B. Sridhar, Head, SDLG Business, Volvo India Pvt Ltd explained that manufacturing products in India is a good option provided there are volumes. Everything is based on volumes. If the total market increases then it is viable to put up a plant. But if the market is flat then it is better to wait for the situation to improve.

Admitting that a large portion of its products or components were still imported Subhasis Chatterjee, Managing Director, Eaton Fluid Power Ltd, stated that “localization is a continuous process and we are doing our best. We are going to customers and understanding their needs then depending on the market-size of that product segment – we are localizing. Many pumps, valves, steering control units etc. that we are localizing were earlier being procured from Japan, China or Germany. Over a period of time we will localize more and increase our exports from India.”

India is a lesser cost-sensitive market than China. When volumes are small, the investment into large technologies becomes unviable. With volumes going up in India, it is driving higher level of technology acceptance which is not available with local suppliers but existing globally. Therefore localization attempts give further boost or accelerate the market. But the primary issue remains volumes or scale which makes technology more affordable through localization, explained Viraj Naidu.

Costs Advantage Pushing Localization:

Although India always enjoyed lower manufacturing costs advantage vis-à-vis developing nations, the country did not witness huge strides by MNCs towards local manufacturing mainly due to product quality issues. But recent fall of the Indian Rupee has led to imports becoming dearer. It has led to a situation where equipment manufacturers have achieved larger quantum of local components in their products, thereby gaining costs advantage in product pricing.

Every manufacturer wants to gain costs advantage over rivals knowing that only competitive pricing can help in gaining bigger market-share. The lowering of costs also ensures that those buyers who could not afford latest technologies due to higher prices are able to make purchase decisions–thereby increasing the overall market-size and penetration.

Currently everyone wants high-end technology, but the costs are prohibitive. If it can be made affordable then the market can shoot up faster. Costs are one of the reasons for localization added Viraj Naidu.

Import Challenge:

The global economic meltdown had resulted in increased import of equipments from idle global capacities and also sharp rise in import of used and obsolete machineries as second hand equipment. The import of used crawler cranes and mobile cranes was almost 50 per cent to 80 per cent of total consumption in Indian market during last few years.

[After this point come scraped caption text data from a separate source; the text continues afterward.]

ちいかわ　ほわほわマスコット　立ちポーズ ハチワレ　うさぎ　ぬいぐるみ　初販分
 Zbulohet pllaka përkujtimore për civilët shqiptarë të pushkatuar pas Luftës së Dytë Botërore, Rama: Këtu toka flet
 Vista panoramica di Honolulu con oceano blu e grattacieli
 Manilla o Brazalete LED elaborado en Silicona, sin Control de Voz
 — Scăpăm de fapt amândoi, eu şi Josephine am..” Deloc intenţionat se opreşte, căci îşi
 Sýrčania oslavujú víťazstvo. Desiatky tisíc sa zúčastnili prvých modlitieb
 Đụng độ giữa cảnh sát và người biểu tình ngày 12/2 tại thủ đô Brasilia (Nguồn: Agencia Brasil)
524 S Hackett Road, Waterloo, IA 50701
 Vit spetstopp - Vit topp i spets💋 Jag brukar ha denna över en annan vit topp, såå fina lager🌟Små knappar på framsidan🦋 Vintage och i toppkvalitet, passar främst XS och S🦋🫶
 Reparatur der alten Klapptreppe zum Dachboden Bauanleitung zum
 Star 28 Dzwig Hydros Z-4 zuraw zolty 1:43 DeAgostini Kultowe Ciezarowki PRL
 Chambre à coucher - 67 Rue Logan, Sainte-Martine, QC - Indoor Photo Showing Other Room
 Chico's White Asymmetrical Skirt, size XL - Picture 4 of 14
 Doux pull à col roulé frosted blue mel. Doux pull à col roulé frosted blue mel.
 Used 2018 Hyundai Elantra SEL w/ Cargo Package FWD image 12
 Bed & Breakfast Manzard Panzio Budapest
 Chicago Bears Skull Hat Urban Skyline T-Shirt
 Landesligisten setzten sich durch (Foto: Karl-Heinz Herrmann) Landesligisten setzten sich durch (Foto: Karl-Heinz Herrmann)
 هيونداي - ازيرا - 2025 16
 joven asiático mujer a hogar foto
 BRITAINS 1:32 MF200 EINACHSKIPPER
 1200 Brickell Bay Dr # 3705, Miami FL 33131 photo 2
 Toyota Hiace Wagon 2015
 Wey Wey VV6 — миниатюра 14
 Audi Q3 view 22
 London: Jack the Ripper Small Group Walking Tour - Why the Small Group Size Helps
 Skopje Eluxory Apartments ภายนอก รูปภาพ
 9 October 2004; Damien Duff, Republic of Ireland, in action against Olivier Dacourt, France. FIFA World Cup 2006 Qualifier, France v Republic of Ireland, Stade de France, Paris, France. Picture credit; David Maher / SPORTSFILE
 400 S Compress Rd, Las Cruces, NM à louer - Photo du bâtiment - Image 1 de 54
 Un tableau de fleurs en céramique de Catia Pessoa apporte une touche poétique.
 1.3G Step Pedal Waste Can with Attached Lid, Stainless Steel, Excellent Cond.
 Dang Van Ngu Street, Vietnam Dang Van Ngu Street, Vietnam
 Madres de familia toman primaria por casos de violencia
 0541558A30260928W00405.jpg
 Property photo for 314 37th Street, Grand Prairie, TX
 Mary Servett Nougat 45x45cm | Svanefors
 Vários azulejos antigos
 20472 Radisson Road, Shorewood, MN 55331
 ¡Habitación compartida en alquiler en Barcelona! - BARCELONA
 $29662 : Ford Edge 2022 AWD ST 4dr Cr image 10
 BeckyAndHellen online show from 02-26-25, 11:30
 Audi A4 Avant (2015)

The construction equipment industry also faced disadvantages in duty structures, taxation etc in many situations when compared to imported equipment.

Therefore, the biggest problem faced by domestic construction and earthmoving equipment manufacturing industry was lack of level playing field.

Since last few months, there have been economic recovery signs being witnessed in Western markets – this has led to idle manufacturing capacities being utilized in those nations thereby decreasing the diversion of such equipments to India. But there should be adequate policy safeguards to ensure imports are discouraged while encouraging localization.

The Way Ahead:

The government should seriously look at these issues and work out a package of incentives to make it advantageous to manufacture in India, as compared to importing – this would give a fillip to the local construction equipment industry.

India has the world’s second largest pool of engineers and technicians that is skilled and cheaper than Western counterparts. Therefore India can emerge as a manufacturing hub for construction equipment with high quality standards and with lower prices.

The current economic and market conditions are favourable in pushing towards increased levels of localization across the construction equipment segment. It is only that these favourable conditions need to be supported by an encouraging and stimulating policy framework.